Le calme n'aura duré que quelques mois: après avoir attribué le 14 janvier à Canal+ l'exclusivité de la retransmission du championnat de France de rugby pour les cinq prochaines saisons, la LNR est sommée de remettre en jeu ces droits.
Soupçonnée "d'entente anticoncurrentielle", la Ligue devra effectuer "une nouvelle procédure de mise en concurrence" avant le 31 janvier 2015.
D'ores et déjà, dans deux communiqués laconiques, la chaîne cryptée qui a tenu à exprimer "son profond désaccord" et la LNR ont annoncé leur volonté de déposer un recours devant la Cour d'appel de Paris, dans le délai légal de 10 jours.
Selon des estimations concordantes, la juridiction devrait pouvoir trancher d'ici à mi-septembre.
Contacté par l'AFP, le président de la LNR Paul Goze a de son côté qualifié cette décision d'"injustifiée, particulièrement inappropriée et très critiquable sur un certain nombre de points". Il faut dire que ce dossier est vital pour l'économie du rugby professionnel français, puisque les droits TV représentent dorénavant plus de 60% du budget de la Ligue.
Au moins la LNR pourra se satisfaire d'avoir préservé l'exercice 2014-2015, car l'Autorité de la concurrence n'a pas souhaité "porter une atteinte disproportionnée aux intérêts des clubs, des diffuseurs et des téléspectateurs", alors que le Top 14 reprendra le 15 août.
Mais l'accord historique de 355 millions sur cinq saisons courant de 2014 à 2019 est bien remis en cause à partir de 2015-2016, offrant un nouvel épisode à ce feuilleton à rebondissements, l'un des nombreux avatars de la guerre féroce que se livrent le groupe Canal+ et beIN Sports sur le terrain des droits sportifs.

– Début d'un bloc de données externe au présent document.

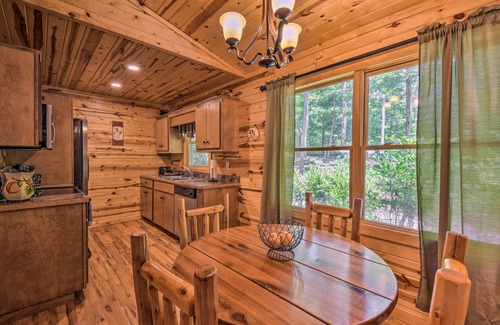 Helen Cabin | ‘The Georgia Peach’ Cabin 8 Mi to Dwntn Helen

La LNR comptait bien profiter de ce contexte hyper-concurrentiel en dénonçant en cours de route en 2013 son contrat avec la chaîne cryptée, dont le montant s'élevait à 31,7 millions d'euros annuels.
L'affaire avait alors vite pris la tournure d'un bras de fer entre le diffuseur emblématique de la compétition et la Ligue.

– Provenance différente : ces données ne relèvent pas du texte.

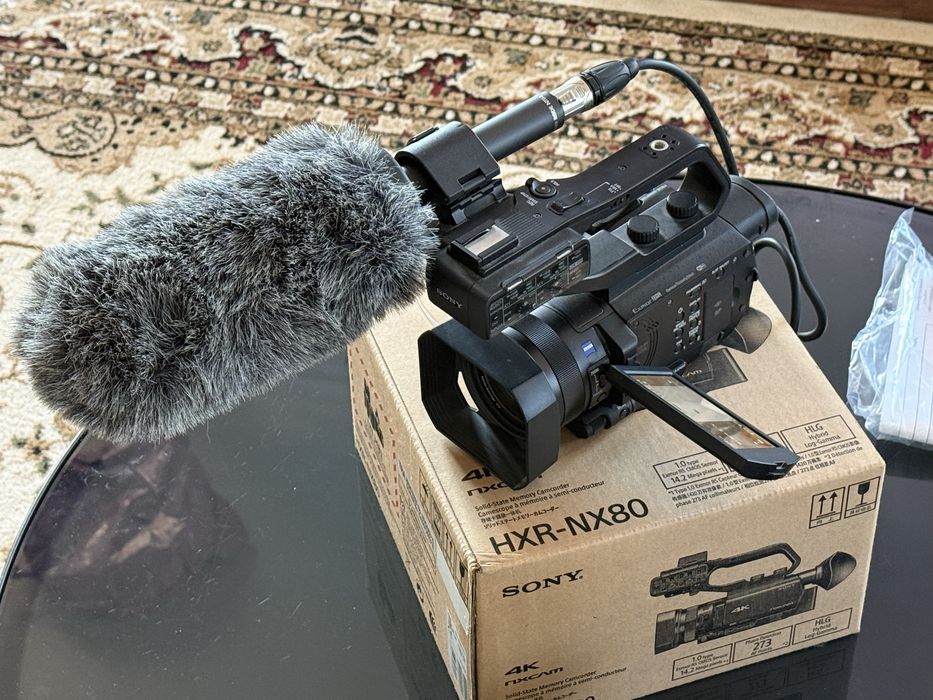 Kamera Sony HXR-NX80 - dodatki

Les deux parties ont d'abord tenté de négocier de gré à gré avant que la LNR ne provoque un appel d'offres, contesté en référé devant la justice par Canal+.
- Une nouvelle dimension -
Mais les deux partenaires se sont vite réconciliés quand la LNR a brutalement interrompu la procédure, à la veille même de l'échéance du dépôt des dossiers, pour signer un nouveau bail avec Canal+. Et décrocher un joli pactole: 71 millions d'euros en moyenne par exercice.

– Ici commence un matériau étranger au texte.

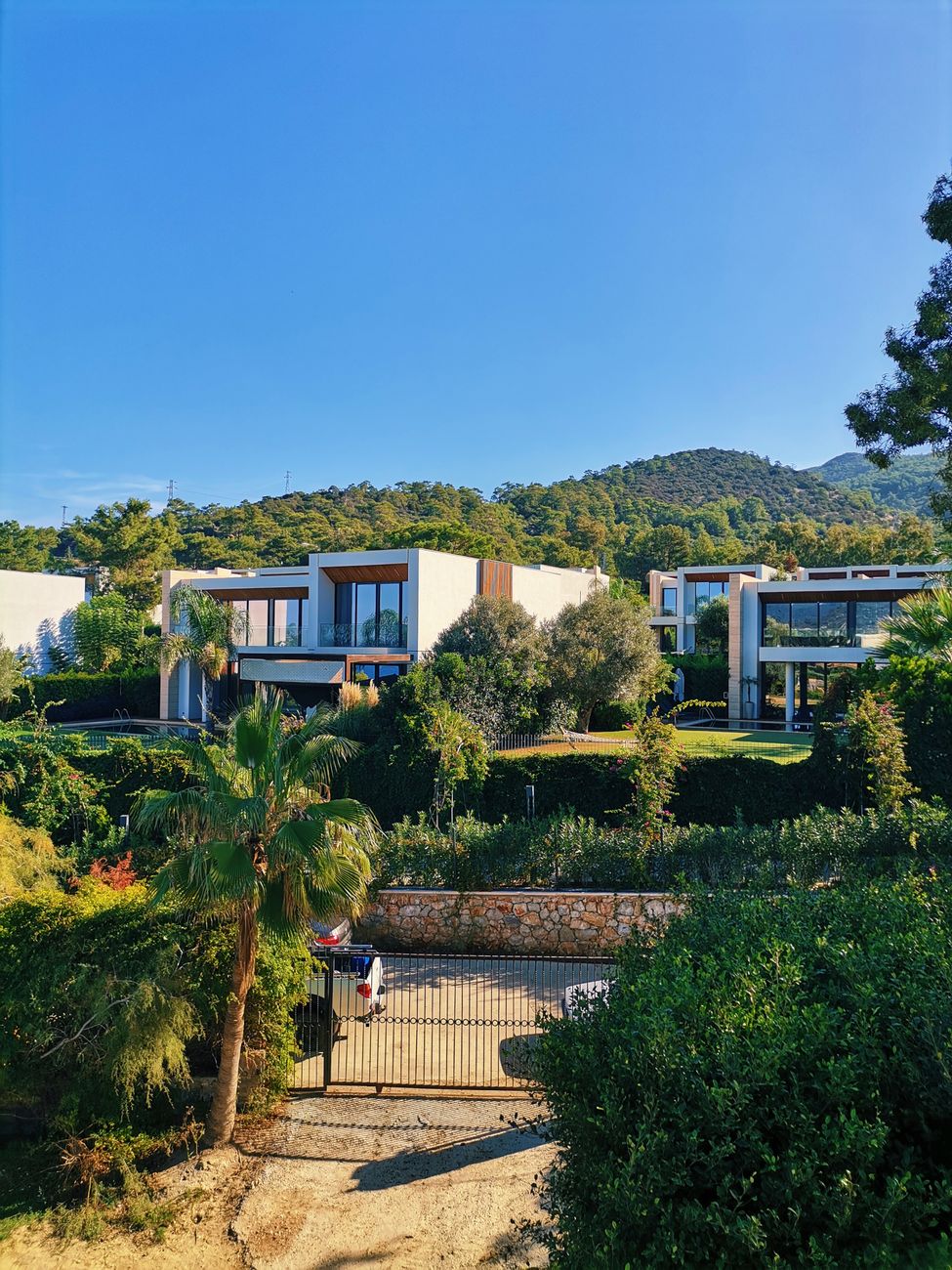 Villa exterior in the La Torre valley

Cela avait provoqué la fureur de beIN Sports, qui comptait se positionner mais s'est senti flouée: la chaîne qatarie a saisi en mars l'Autorité de la concurrence qui lui a finalement donné raison.
Par cette décision, l'Autorité souligne également que le Top 14 est entré dans une autre dimension économique et doit se conformer scrupuleusement aux règles de la concurrence en mettant en place une procédure "transparente et non discriminatoire".
"L'Autorité de la concurrence a considéré que les droits du Top 14 étaient devenus particulièrement attractifs en considération de l'intérêt manifesté par les abonnés pour cette compétition et des audiences importantes qu'elle réalise", martèle l'instance dans un communiqué.
"La situation est également préjudiciable au développement de beIN Sports, seul nouvel entrant susceptible d'animer la compétition sur les programmes sportifs de diffusion payante", poursuit encore l'Autorité.
De son côté, la chaîne qatarie a salué la décision. "L?Autorité (...) tient compte des dommages que cet accord pouvait impliquer pour les téléspectateurs et pour le développement d?un secteur dynamique de la télévision payante", se félicite beIn Sports qui remporte ainsi une nouvelle manche sur le terrain judiciaire face à Canal+.
Il y a un mois, le tribunal de commerce de Nanterre avait en effet estimé que la chaîne à péage, attaquée sur le montant de ses abonnements par Canal+, n'exerçait pas de "concurrence déloyale" à l'encontre de la filiale de Vivendi.
Les coulisses des stades, de rugby ou autre, n'ont en tous cas pas fini de trembler.